Data entries:
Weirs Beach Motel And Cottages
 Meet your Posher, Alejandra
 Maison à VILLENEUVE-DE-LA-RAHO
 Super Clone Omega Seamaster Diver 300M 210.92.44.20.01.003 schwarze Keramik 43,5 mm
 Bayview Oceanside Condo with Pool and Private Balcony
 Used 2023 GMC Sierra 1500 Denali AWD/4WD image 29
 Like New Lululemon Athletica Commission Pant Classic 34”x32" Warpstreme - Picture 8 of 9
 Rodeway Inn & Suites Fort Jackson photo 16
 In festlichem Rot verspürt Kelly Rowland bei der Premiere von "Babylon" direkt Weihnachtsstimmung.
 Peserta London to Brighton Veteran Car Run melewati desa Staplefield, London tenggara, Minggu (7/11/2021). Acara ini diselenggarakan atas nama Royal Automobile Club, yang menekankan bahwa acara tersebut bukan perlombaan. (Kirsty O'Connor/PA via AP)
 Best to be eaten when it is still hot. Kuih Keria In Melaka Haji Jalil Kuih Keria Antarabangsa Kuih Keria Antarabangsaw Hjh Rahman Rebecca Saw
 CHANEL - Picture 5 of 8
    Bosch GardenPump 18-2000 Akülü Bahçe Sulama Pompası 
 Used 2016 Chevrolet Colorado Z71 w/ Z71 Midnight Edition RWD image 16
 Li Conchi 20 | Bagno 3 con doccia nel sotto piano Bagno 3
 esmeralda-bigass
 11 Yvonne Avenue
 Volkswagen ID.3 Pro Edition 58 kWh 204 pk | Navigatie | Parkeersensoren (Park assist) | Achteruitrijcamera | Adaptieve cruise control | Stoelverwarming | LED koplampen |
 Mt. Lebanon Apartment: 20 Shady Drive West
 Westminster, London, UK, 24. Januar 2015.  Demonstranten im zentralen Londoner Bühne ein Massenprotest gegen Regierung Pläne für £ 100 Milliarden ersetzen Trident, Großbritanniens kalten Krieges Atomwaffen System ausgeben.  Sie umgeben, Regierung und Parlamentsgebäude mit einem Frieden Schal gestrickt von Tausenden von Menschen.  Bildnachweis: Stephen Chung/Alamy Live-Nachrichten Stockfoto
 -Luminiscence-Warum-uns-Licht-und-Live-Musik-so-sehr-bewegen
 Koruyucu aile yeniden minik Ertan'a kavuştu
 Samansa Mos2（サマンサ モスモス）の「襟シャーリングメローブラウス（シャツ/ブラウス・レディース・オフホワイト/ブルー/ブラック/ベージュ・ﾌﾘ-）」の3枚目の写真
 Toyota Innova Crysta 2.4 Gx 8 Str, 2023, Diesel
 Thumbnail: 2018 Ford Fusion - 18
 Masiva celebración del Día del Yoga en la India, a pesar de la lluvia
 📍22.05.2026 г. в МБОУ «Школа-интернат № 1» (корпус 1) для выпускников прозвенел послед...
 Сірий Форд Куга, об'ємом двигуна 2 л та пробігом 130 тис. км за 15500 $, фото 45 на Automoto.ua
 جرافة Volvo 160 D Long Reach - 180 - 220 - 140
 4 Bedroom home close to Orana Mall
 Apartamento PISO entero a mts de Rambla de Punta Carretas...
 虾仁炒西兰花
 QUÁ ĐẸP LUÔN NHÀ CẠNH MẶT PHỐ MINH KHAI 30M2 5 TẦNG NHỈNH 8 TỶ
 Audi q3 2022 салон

Problem to work on: Please set down again, word for word, only the lines from the start of the entries through the line with "In festlichem Rot", both ends included.

Exercise output:
Weirs Beach Motel And Cottages
 Meet your Posher, Alejandra
 Maison à VILLENEUVE-DE-LA-RAHO
 Super Clone Omega Seamaster Diver 300M 210.92.44.20.01.003 schwarze Keramik 43,5 mm
 Bayview Oceanside Condo with Pool and Private Balcony
 Used 2023 GMC Sierra 1500 Denali AWD/4WD image 29
 Like New Lululemon Athletica Commission Pant Classic 34”x32" Warpstreme - Picture 8 of 9
 Rodeway Inn & Suites Fort Jackson photo 16
 In festlichem Rot verspürt Kelly Rowland bei der Premiere von "Babylon" direkt Weihnachtsstimmung.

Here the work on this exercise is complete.